Em textos anteriores aqui no site nós mostramos que alguns animais podem causar graves lesões quando atacam seres humanos. Mas é preciso lembrar: eles só atacam quando se sentem ameaçados (quando invadimos seu território) ou quando tocamos sem querer neles. Baseado nessa última opção, acontecem vários acidentes quando nós os tocamos, pois a maioria deles (serpentes, aranhas, escorpiões) são ariscos o que dificulta enxerga-los. Existem algumas maneiras de salvar pessoas de acidentes com serpentes, por exemplo, lhes oferecendo o soro antiofídico. Mas e para animais como escorpiões e aranhas? Para escorpiões ainda não temos muito o que fazer, mas em relação as aranhas, recentemente tivemos um avanço enorme. Pesquisadores do Instituto Butatã (IB) anunciaram a produção de uma pomada capaz de salvar uma pessoa de uma picada de aranha-marrom (Loxosceles sp) (Figura 1).

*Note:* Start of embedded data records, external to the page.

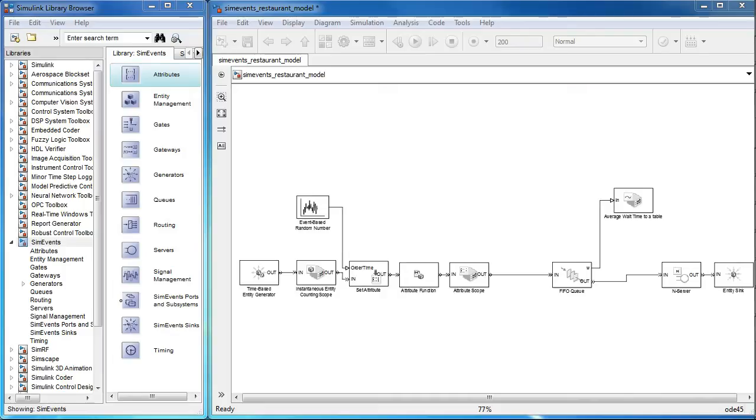In this video, we will look at how to introduce timing information for entities with the help of timeouts in a Simavance model.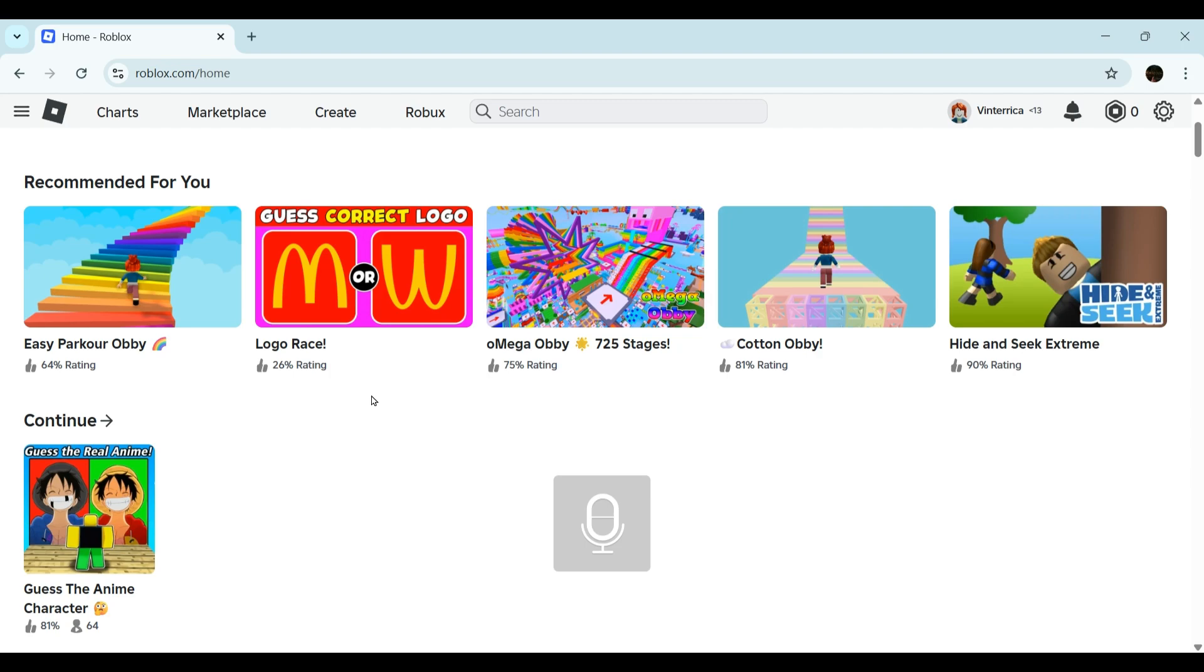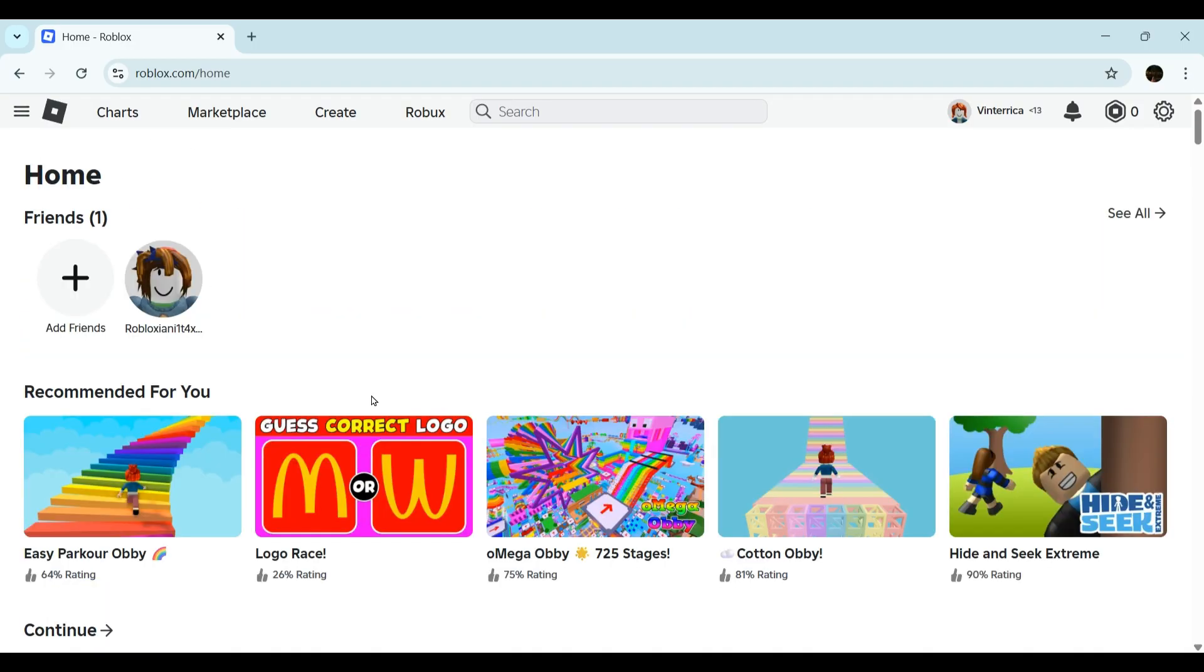Hey everyone, welcome back to this channel. In today's tutorial, we will see how you can check your Roblox game history and track your recently played games. Open your Roblox client app or roblox.com on a browser.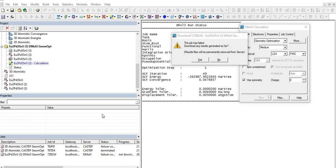In the lecture series of Material Studio, we are at lecture number 18, and this is Part 2 of the DMol3 calculation. In Part 1 of this video, we learned about how to set up the parameters while using the DMol3 calculation.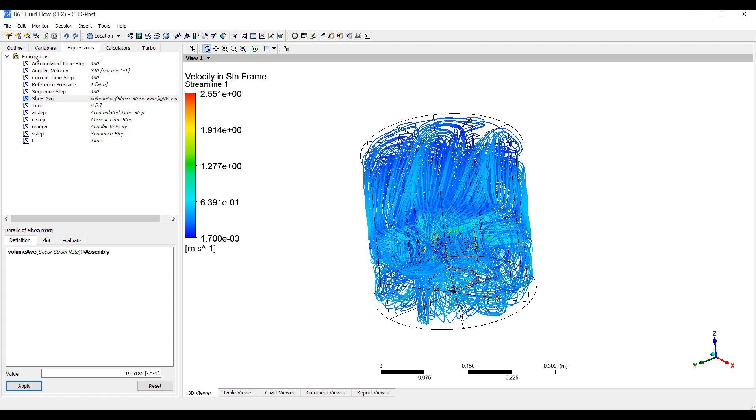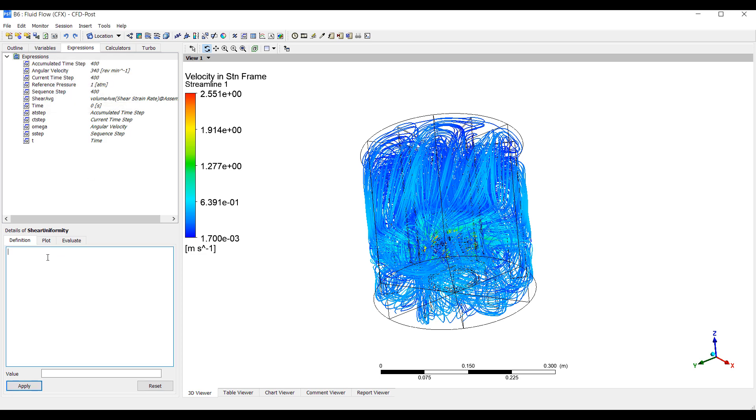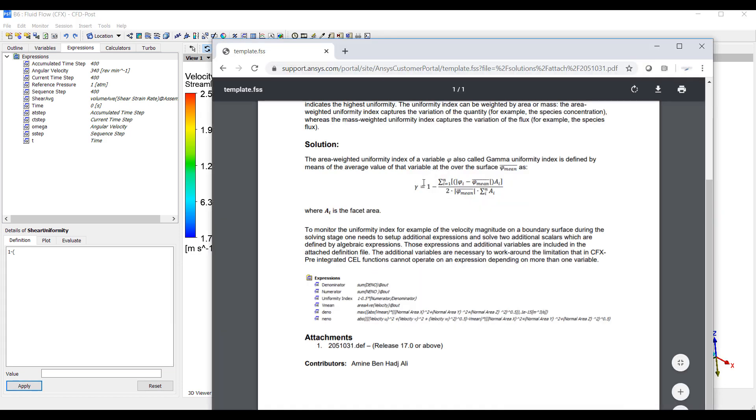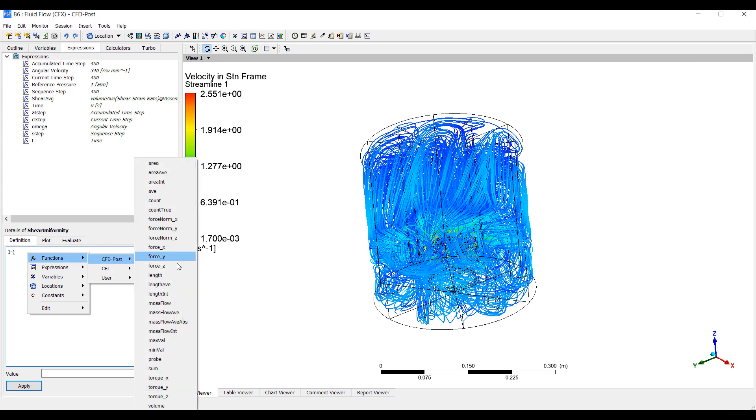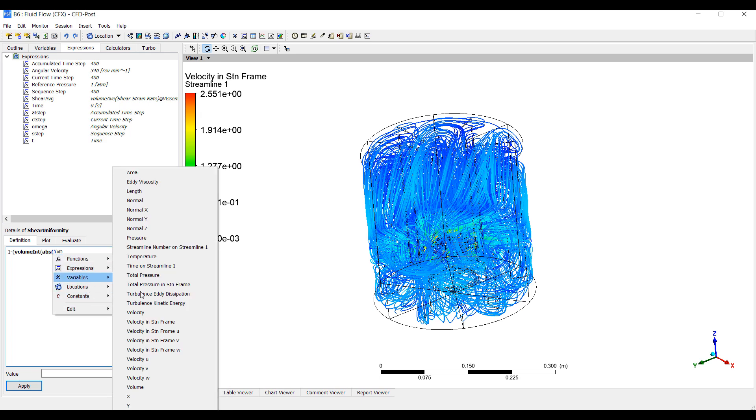We can compare this with different designs and obviously it's helpful to understand how much shear your particular bioprocess can withstand before the organism starts to get damaged. But average shear is one part of it. We also often want to know how uniform it is. Do we have high shear areas, low shear areas? So we can create an expression called shear uniformity. And there's an equation for this. One minus, let me see if I can find it. This is the equation we're looking for. One minus the difference between the absolute value of the difference between the shear, local shear and the mean shear integrated over the area divided by two times the mean shear over the area.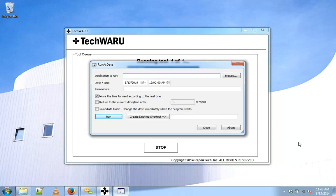Alright everyone, thanks for tuning in. This has been how to add a custom app into Techwaru. Have a good one.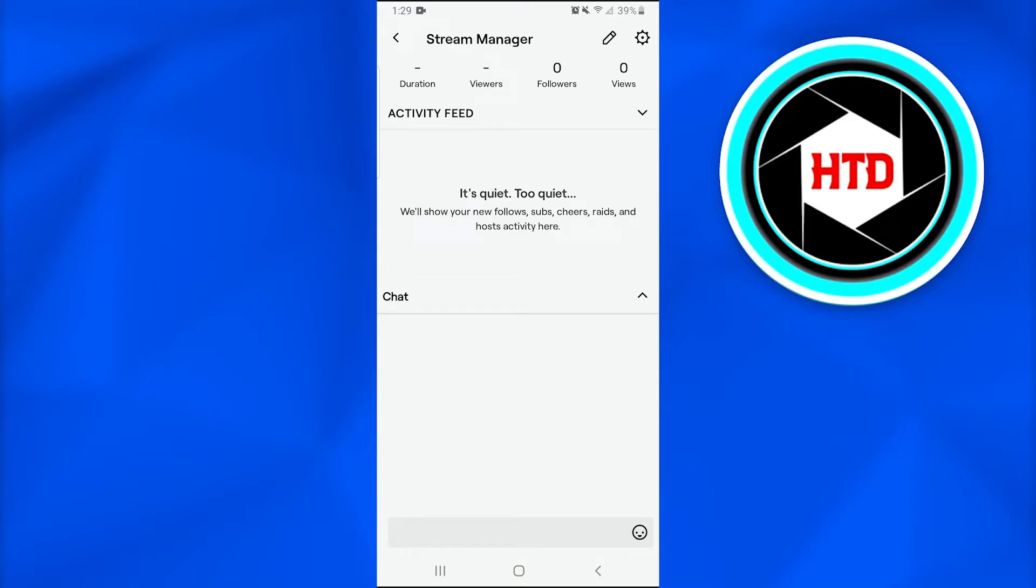Afterwards, we're going to tap on the pencil icon at the upper right corner of the screen.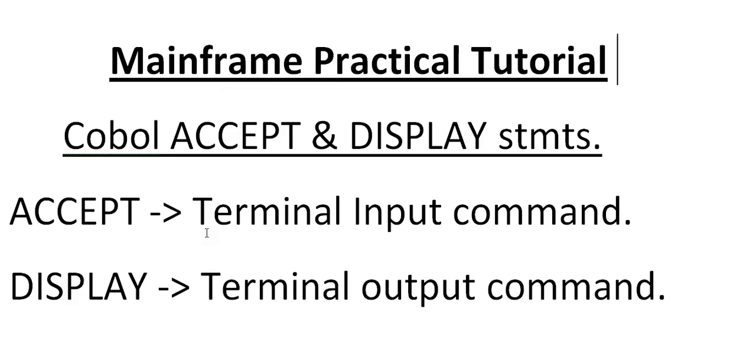With this, I'm trying to end this video regarding the topic of accept and display statements. Please understand that this is very, very important. Keep watching my mainframe YouTube videos. I will be coming up with more and more videos.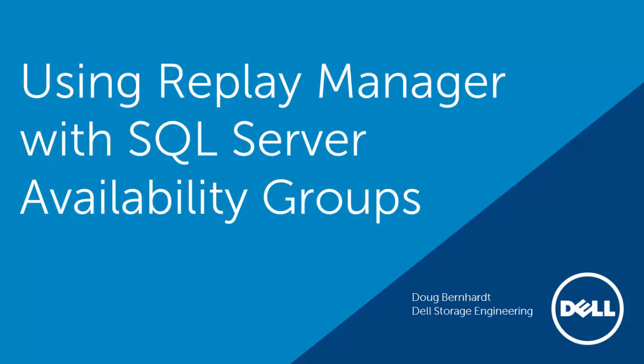Welcome to this video on using Replay Manager with SQL Server Availability Groups. In this video, I am going to show some of the differences in Replay Manager when using Availability Groups, as well as how to recover secondary databases using Replay Manager.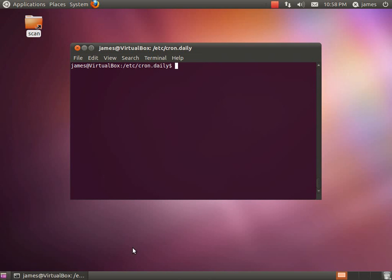Hey guys, James here. I'm just going to do a video to show you what cron is on your Linux machine.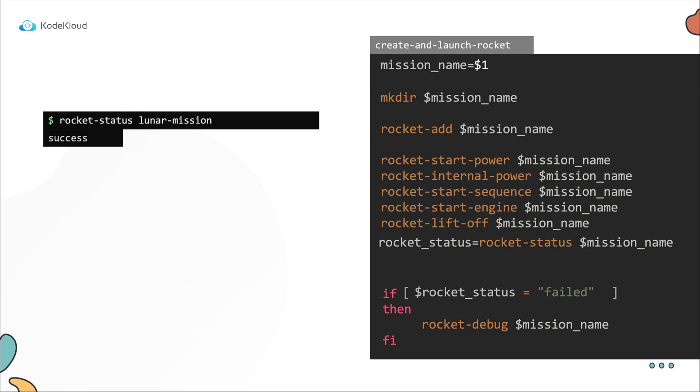There is a possibility that it may be stuck in a launching state for a while after which it may fail. And since we only check the status of the rocket once, it is not guaranteed that we catch the failures all the time. Currently, we do not consider the state where the status is launching. So we need a way for the script to wait after it checks the status. And if it turns out to be in a launching state, we want to continue to check the status more times until it is either successful or failed.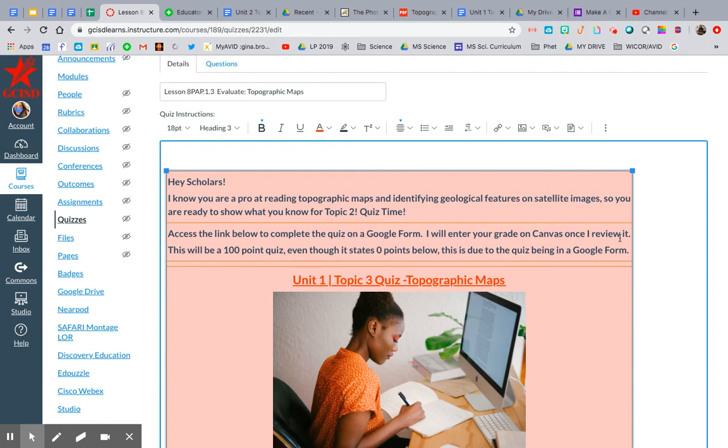Okay y'all, so round two on this video. The first time I was only recording my tab and not the whole entire screen.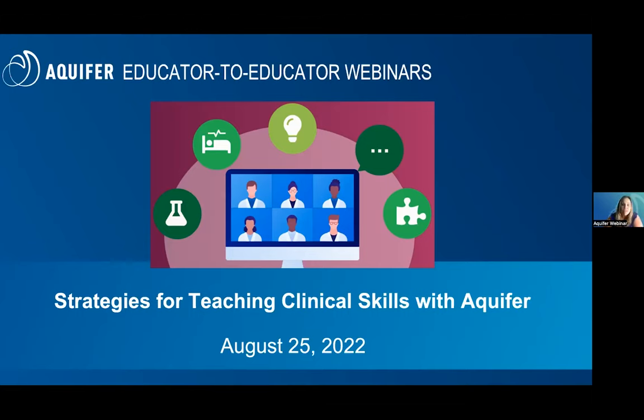All right, let's go ahead and get started. Thank you so much for joining us today for our webinar, Strategies for Teaching Clinical Skills with Aquifer. My name is Megan Hotelling, and I'm the Community Engagement and Event Manager here at Aquifer.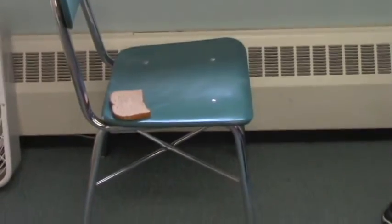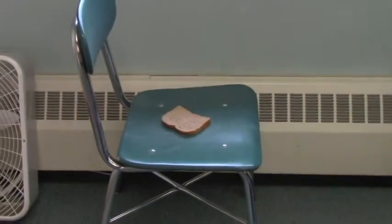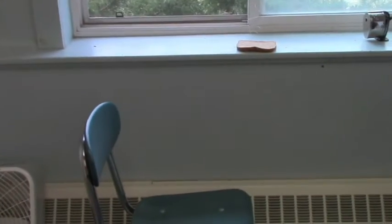I'm going to go to the window, see if we can get outside. Okay, up onto the chair. There. Okay.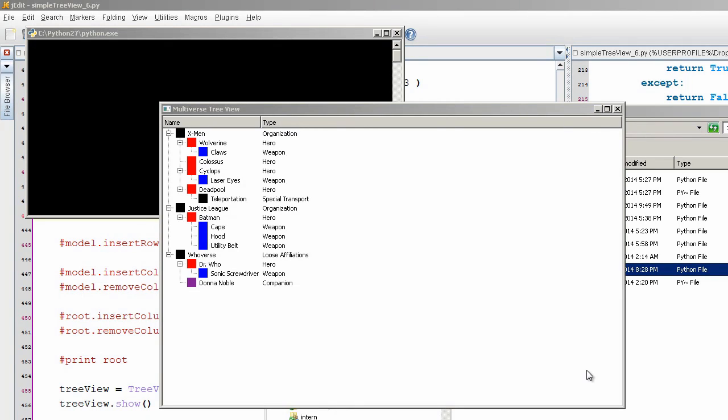So continuing off of the topic of using models, I wanted to show how to do a tree view, a Qt tree view, using a model setup.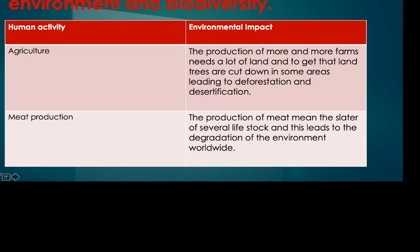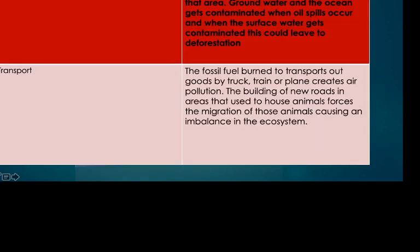Another thing that people do is meat production, where several livestock are raised to produce milk and meat. This leads to degradation of the environment worldwide, as the killing of animals affects food chains and the economy. Biodiversity as well as the environment suffers in the process as we enjoy the meat, which is not a good thing for nature.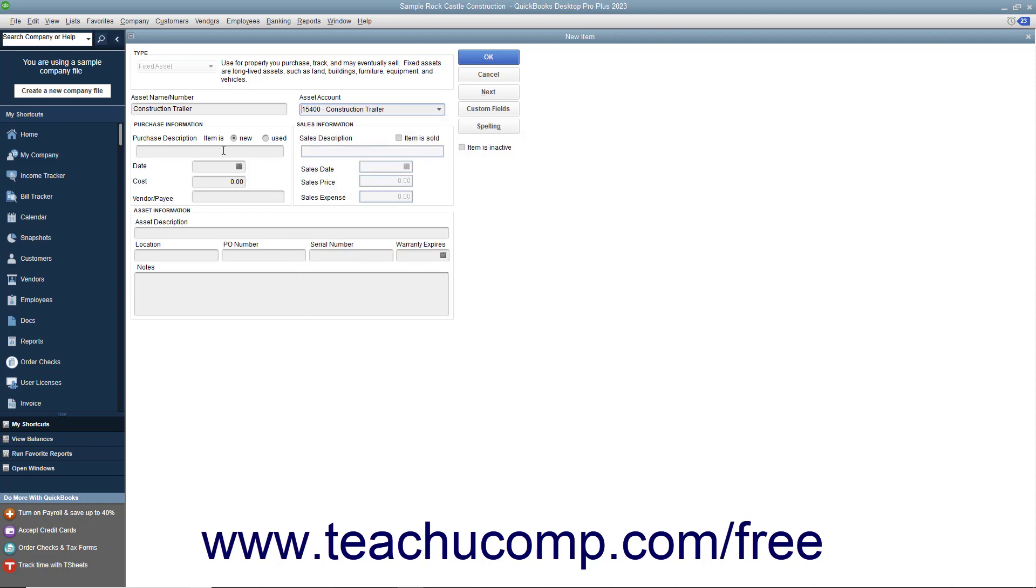In the Purchase Information section, set whether the item is new or used. You can type a purchase description into the next text box.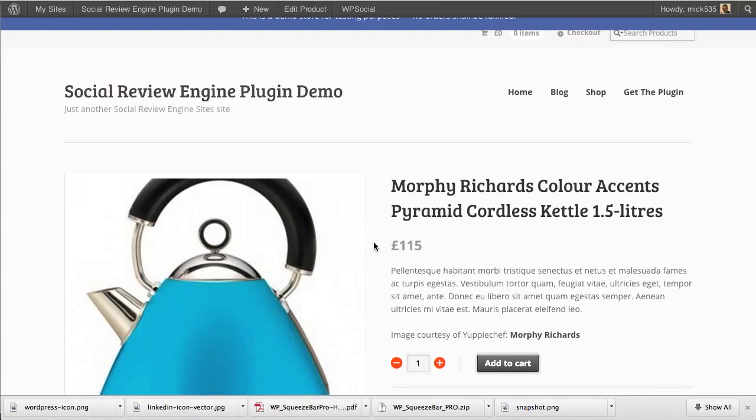Hey, this is Mike Johnson and I'm going to show you the Social Review Engine plugin demonstration. This one-of-a-kind plugin can really take your traffic and sales to the next level on your sites.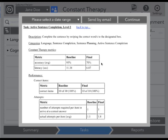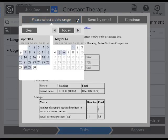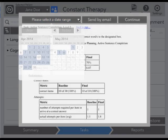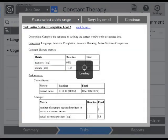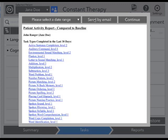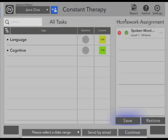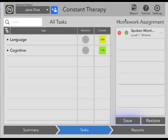Each report contains information about the patient's baseline score and final score. You can tailor the report to a specific date range by tapping Select a Date Range, and you can also choose to send a report by email.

Figura 1. Pomada promete salvar pacientes de picadas de aranha-marrom. Foto: Rafael M. Porto.
A pomada é feita à base de tetraciclina, uma substância antibiótica. De acordo com Denise Tambourgi, líder do estudo, "Utilizamos numa concentração abaixo da que seria microbicida, no entanto. Ou seja, menor do que a necessária para ser considerado antibiótico. Mas a empregamos em uma dosagem capaz de interferir na atividade da esfingomielinase D, proteína que é o componente principal do veneno da aranha e que está envolvida no processo de inflamação e de destruição do tecido (necrose) e outros efeitos." Em geral, a aranha-marrom é pequena (0,6 mm a 2 cm) mas causa um estrago enorme nas pessoas (Figura 2). O veneno dela é capaz de necrosar a pele, causar falência renal e até mesmo levar a óbito. Além disso, a picada dela pode causar complicações como alteração e destruição de glóbulos vermelhos, coágulos e inflamações generalizadas.
Figura 2. Espécime de aranha-marrom. Foto: Rafael M. Porto.
Denise conta que a história da pomada começou em 1994 quando ela queria identificar e conhecer os compostos do veneno da aranha-marrom. Ela e sua equipe, por meio de engenharia genética, a capacidade de uma bactéria muito usada na genética (E. coli), criaram uma “fábrica” de esfingomielinase D usando essa bactéria. Para que tivessem quantidade suficiente para realizar os testes, uma vez que, a aranha-marrom produz pouco veneno. Com o tempo Denise percebeu que todas aquelas complicações causadas pela picada eram desencadeadas pela proteína esfingomielinase D. Conforme ela comenta, "Costumo dizer que o veneno só dá o 'start' e a proteína altera as células. Depois, ocorre uma desregulação do organismo, que leva à produção de proteases - enzimas cuja função é quebrar as ligações químicas de outras proteínas, o que, por sua vez, causa a morte celular e a necrose. São essas proteases, portanto, que devem ser inibidas pela pomada."
Os primeiros testes da pomada foram realizados em culturas celulares. Pois, mediante orientação jurídica e ética, os testes em animais são os últimos para que corram o menor risco possível. Depois de “Ok” com os testes em meio celular, eles escolheram os coelhos para os testes em animais. De acordo com Denise, "Os coelhos foram escolhidos por serem um bom modelo para o estudo da necrose de pele causada pela toxina da Loxosceles", explica Denise. "A lesão deste animal é parecida com a que se forma no ser humano. Injetamos o veneno na pele deles e depois de algumas horas começamos a tratá-los com uma pomada que continha tetraciclina e lanolina. Esta última entrou na composição porque é capaz de levar a droga para as camadas mais profundas da pele." A pomada reduziu a lesão em 80% em seu tamanho. A partir disso eles partiram para aos testes em humanos. Em outubro de 2018, essa nova fase de testes se iniciou. Ao total serão tratados 240 pacientes em hospitais de Santa Catarina, onde mais ocorrem picadas de aranha-marrom no Brasil. Posteriormente, a pomada passará pela aprovação da Agência Nacional de Vigilância Sanitária (Anvisa).